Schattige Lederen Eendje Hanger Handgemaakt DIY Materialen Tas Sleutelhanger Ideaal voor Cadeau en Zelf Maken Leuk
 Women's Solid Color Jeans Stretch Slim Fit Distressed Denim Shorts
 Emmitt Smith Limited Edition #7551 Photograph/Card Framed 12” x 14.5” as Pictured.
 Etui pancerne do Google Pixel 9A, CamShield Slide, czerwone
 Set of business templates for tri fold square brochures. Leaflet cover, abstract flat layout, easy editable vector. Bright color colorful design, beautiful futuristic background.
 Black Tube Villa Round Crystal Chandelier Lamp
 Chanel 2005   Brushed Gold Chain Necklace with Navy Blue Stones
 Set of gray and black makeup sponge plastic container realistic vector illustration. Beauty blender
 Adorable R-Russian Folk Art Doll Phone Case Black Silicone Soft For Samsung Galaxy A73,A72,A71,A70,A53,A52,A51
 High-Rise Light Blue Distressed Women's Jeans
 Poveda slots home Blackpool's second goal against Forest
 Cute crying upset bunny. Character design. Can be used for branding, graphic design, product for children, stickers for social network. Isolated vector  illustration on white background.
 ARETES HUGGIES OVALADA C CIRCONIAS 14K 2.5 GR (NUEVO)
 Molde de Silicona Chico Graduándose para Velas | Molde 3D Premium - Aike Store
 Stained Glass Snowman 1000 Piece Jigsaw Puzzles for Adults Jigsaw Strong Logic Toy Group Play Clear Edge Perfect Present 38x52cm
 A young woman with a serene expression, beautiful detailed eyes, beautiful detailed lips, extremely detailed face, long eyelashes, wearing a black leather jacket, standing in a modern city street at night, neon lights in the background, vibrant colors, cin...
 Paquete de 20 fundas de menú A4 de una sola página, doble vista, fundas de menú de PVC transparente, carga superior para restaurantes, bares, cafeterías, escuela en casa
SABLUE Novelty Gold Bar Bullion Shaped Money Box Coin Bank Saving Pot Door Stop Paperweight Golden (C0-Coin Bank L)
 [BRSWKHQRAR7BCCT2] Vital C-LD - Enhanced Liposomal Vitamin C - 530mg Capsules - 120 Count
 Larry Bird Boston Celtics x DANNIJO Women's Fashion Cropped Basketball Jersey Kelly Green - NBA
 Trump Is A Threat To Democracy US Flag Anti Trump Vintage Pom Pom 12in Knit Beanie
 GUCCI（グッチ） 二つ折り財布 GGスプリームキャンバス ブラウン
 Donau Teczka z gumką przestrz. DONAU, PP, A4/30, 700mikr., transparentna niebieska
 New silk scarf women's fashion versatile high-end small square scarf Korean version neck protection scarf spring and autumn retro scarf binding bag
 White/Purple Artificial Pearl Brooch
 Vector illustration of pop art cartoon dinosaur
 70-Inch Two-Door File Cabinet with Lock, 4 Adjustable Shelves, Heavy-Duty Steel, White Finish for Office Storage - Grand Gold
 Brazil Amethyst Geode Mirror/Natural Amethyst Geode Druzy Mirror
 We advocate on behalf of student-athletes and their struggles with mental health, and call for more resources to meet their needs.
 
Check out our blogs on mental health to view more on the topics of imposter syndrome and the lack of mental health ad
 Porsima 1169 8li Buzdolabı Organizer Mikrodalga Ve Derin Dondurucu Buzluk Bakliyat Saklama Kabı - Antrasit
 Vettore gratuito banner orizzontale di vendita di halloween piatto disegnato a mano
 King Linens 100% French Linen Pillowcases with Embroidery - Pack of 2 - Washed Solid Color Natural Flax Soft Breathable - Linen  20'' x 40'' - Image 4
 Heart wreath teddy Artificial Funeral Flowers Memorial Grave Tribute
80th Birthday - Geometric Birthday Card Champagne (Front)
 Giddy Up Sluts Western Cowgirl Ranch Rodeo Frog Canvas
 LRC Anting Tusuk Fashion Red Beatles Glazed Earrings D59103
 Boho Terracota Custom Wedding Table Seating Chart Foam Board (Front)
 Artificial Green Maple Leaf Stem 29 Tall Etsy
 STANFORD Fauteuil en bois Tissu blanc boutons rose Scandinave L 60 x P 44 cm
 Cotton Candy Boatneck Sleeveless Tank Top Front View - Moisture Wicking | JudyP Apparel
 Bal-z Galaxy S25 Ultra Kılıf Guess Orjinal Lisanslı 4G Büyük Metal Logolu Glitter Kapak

Exercise requirements: Extract all lines from the data in which "Green" is found.

Answer below:
 Larry Bird Boston Celtics x DANNIJO Women's Fashion Cropped Basketball Jersey Kelly Green - NBA
 Artificial Green Maple Leaf Stem 29 Tall Etsy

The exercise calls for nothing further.